--- Task item ---
From the line containing "Malá Skála - monatliche" through the last line below, copy every line exactly, leaving out the pictures.

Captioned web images
┌──
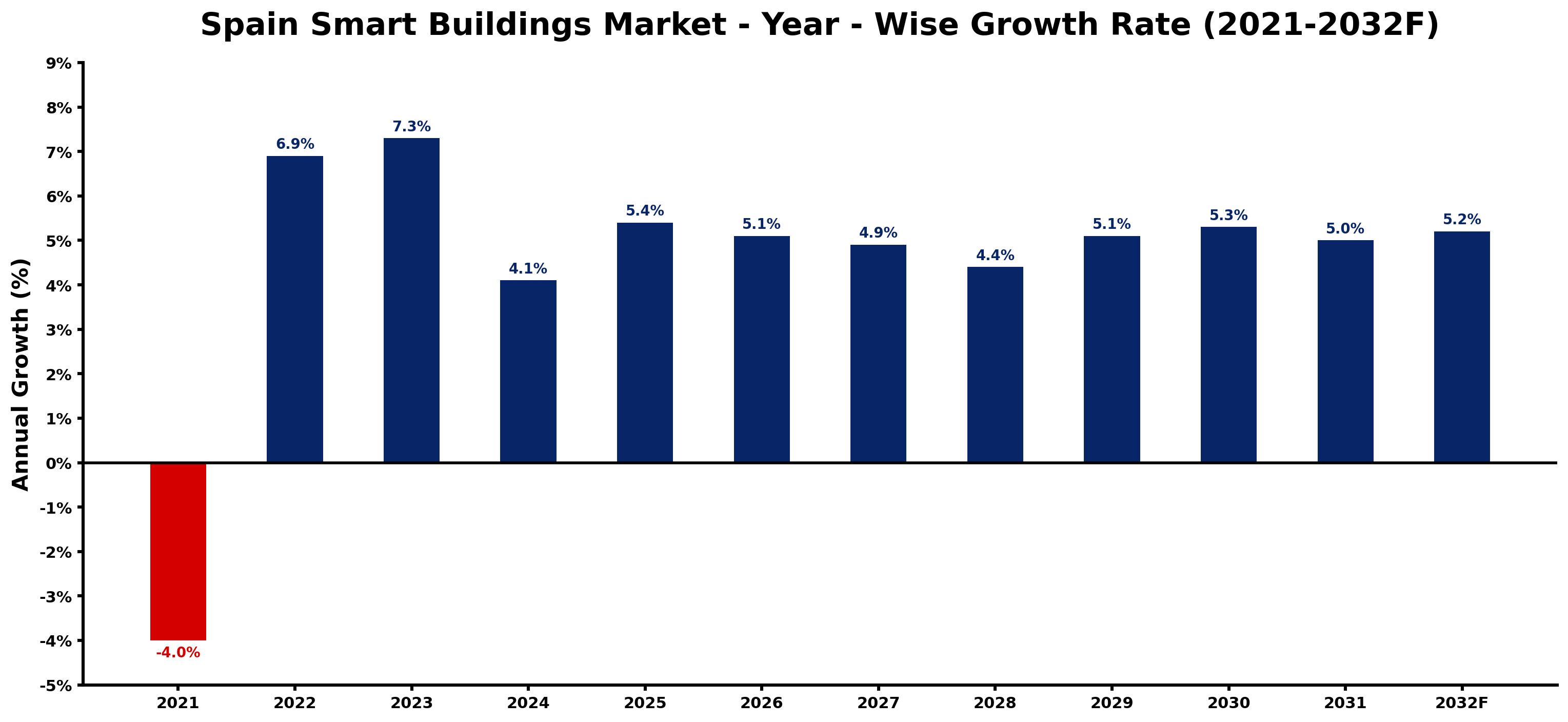 Spain Smart Buildings Market Year-wise Growth Rate and Key Drivers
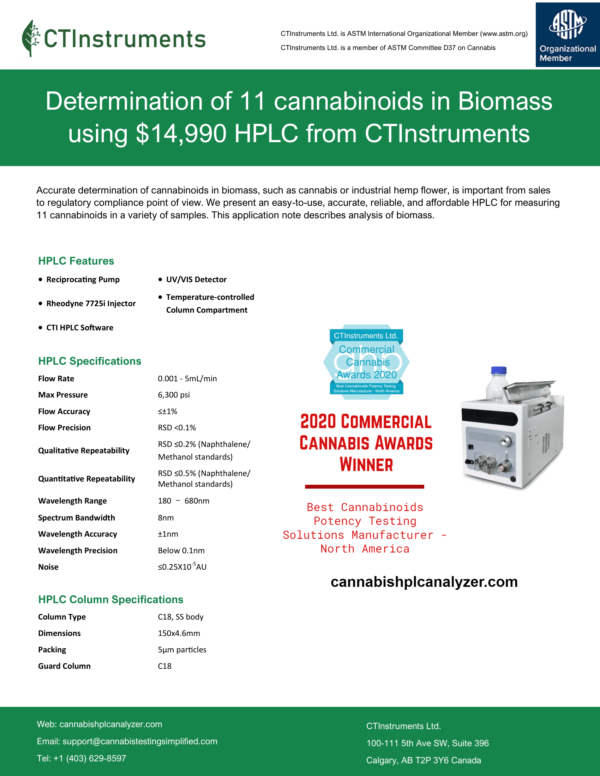 CTInstruments Application Note - Determination of 11 Cannabinoids in Biomass 210320-1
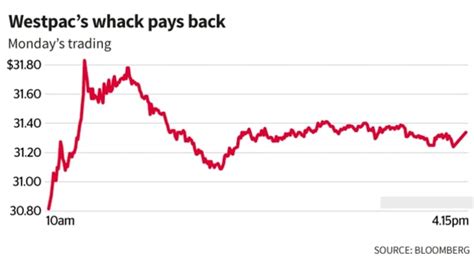 Westpac Banking Stock Forecast and Price Target. ... Westpac Banking Dividend per Share Forecast for 2023 - 2025 - 2030. Westpac Banking's Dividend per Share has grown In the last three years, rising from $0.31 to $1.42 – a growth of 358.06%. For the next year, 14 analysts project Westpac Banking's Dividend per Share to drop by …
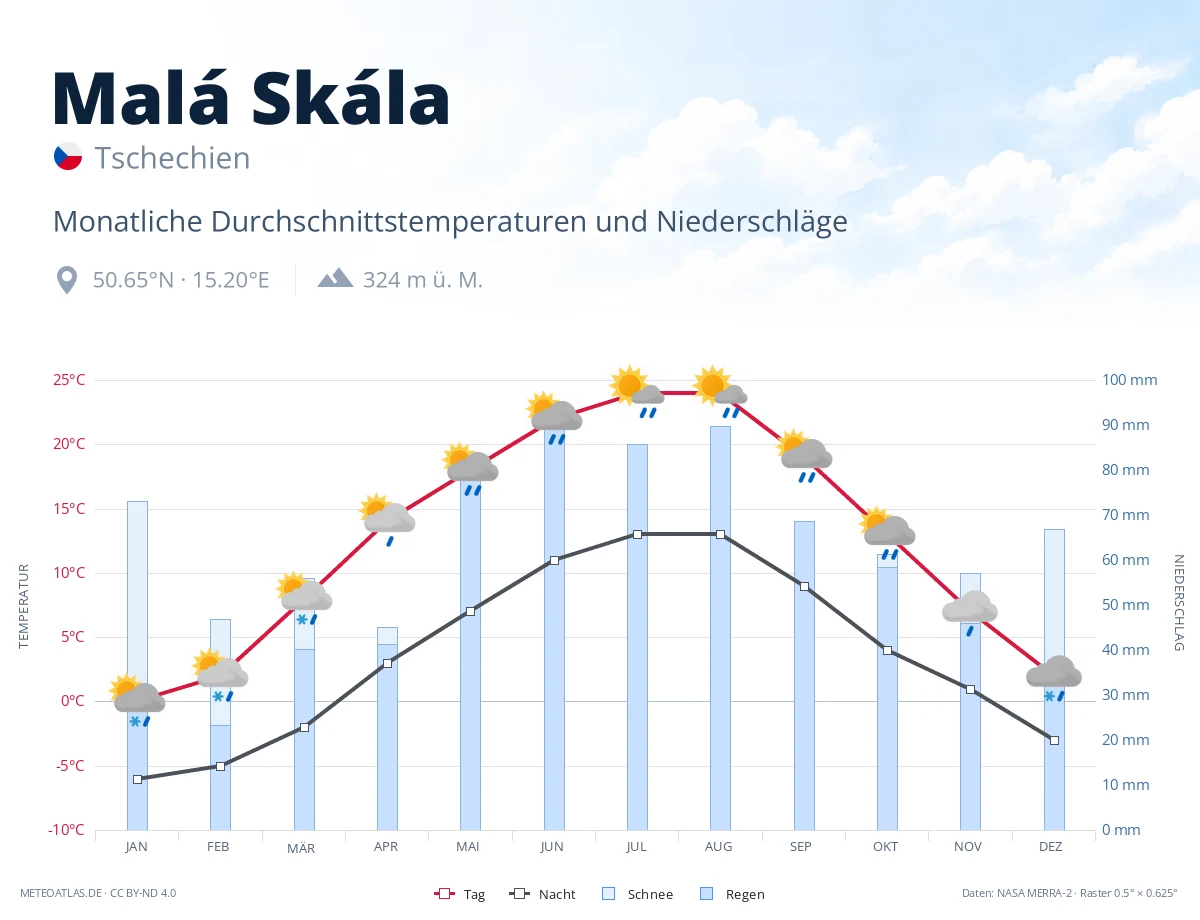 Malá Skála - monatliche Durchschnittstemperaturen und Niederschläge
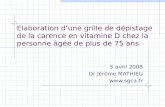 Elaboration d’une grille de dépistage de la carence en vitamine D chez la personne âgée de plus de 75 ans 5 avril 2008 Dr Jérôme MATHIEU .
└──
--- Your response ---
 Malá Skála - monatliche Durchschnittstemperaturen und Niederschläge
 Elaboration d’une grille de dépistage de la carence en vitamine D chez la personne âgée de plus de 75 ans 5 avril 2008 Dr Jérôme MATHIEU .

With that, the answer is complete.